Lost Lives, Lost Art
Jewish Collectors, Nazi Art Theft, and the Quest for Justice
Lost Lives, Lost Art is a collection of a dozen or so stories of the most despicable acts of betrayal, theft, conspiracy, and murder in modern history. And though labeled “history,” these are stories as fresh as yesterday’s New York Times—stories that, for the most part, remain unresolved.
The Nazi confiscation of tens of thousands, perhaps hundreds of thousands, of pieces of art from German Jews, is called by one art expert “the most tragic chapter in the history of plunder.” The book is meticulously researched, brilliantly and dispassionately written, and is in all likelihood a game changer in the world of art, art provenance, and art restitution that will resound for years to come. The seventy-five color and 125 black and white images show a fraction of the lost treasure.

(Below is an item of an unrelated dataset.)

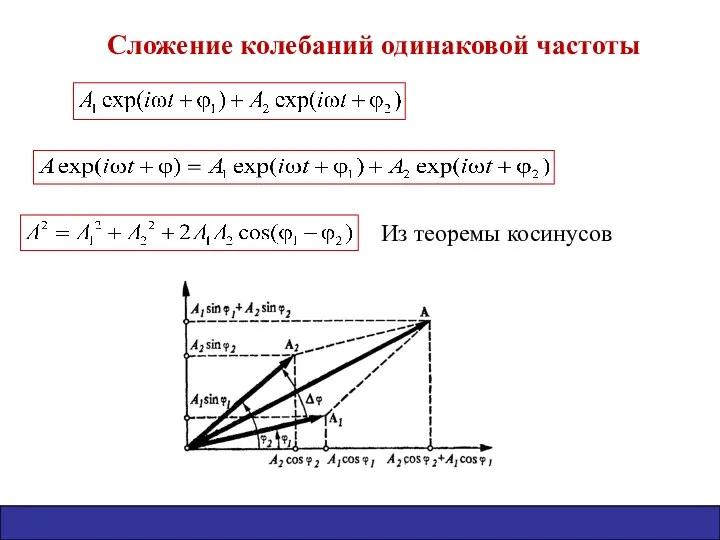 Сложение колебаний одинаковой частоты Из теоремы косинусов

The stories are told one collector at a time, one agonizing and bewildering loss at a time, of the “degenerate” art that Hitler openly despised and secretly coveted. Lilly Cassirer, desperate to get out of Germany, sold Pissarro’s Rue Saint-Honoré to her “friend” Jakob Scheidwimmer for 900 Reich marks (about $1,000). That same painting now hangs in a museum in Madrid and is insured for €5 million, which is still probably only a tenth of its value. The famous art dealer Walter Westfield, who was unable to buy himself out of Germany, died at Dachau. Among the “degenerate” artists whose works were swept away were Kandinsky, Paul Klee, Piet Mondrian, and Egon Schiele. Klee’s seminal Swamp Legend was stolen by Hildebrand Gurlitt, Hitler’s official buyer for the Führer museum in Linz. Just to make it all legal, he “bought” the painting in 1941 for 500 Swiss francs.

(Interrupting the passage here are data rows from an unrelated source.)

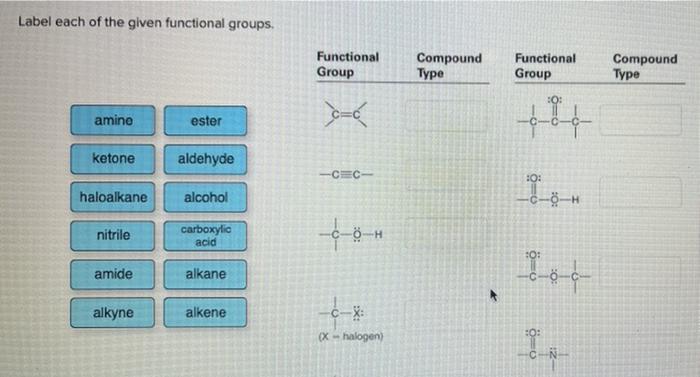 Label each of the given functional groups.
amine
ketone
haloalkane
nitrile
amide
alkyne
ester
aldehyde
alcohol
carboxylic
aci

Lost Lives, Lost Art simply could not have been written before now. It took the reunification of Germany and the fall of the Soviet Union to allow experts like Melissa Müller and Monika Tatzkow to begin their research in earnest. Finally in 1998, forty-four countries, including the United States, reached agreement on what is now known as the Washington Principles to attempt to restore the looted art to the heirs of the original owners. But the authors tell us that the path to recovery has been anything but smooth, and many countries such as Hungary and Spain have not signed the principles.
Müller is the author of Anne Frank: The Biography, and her sections of the book read like literature. Tatzkow is a leading authority on the recovery of stolen art, and her sections read more like summations to a jury, which is where they will likely wind up. Together they have written a beautifully illustrated chronicle of the worst time in human history.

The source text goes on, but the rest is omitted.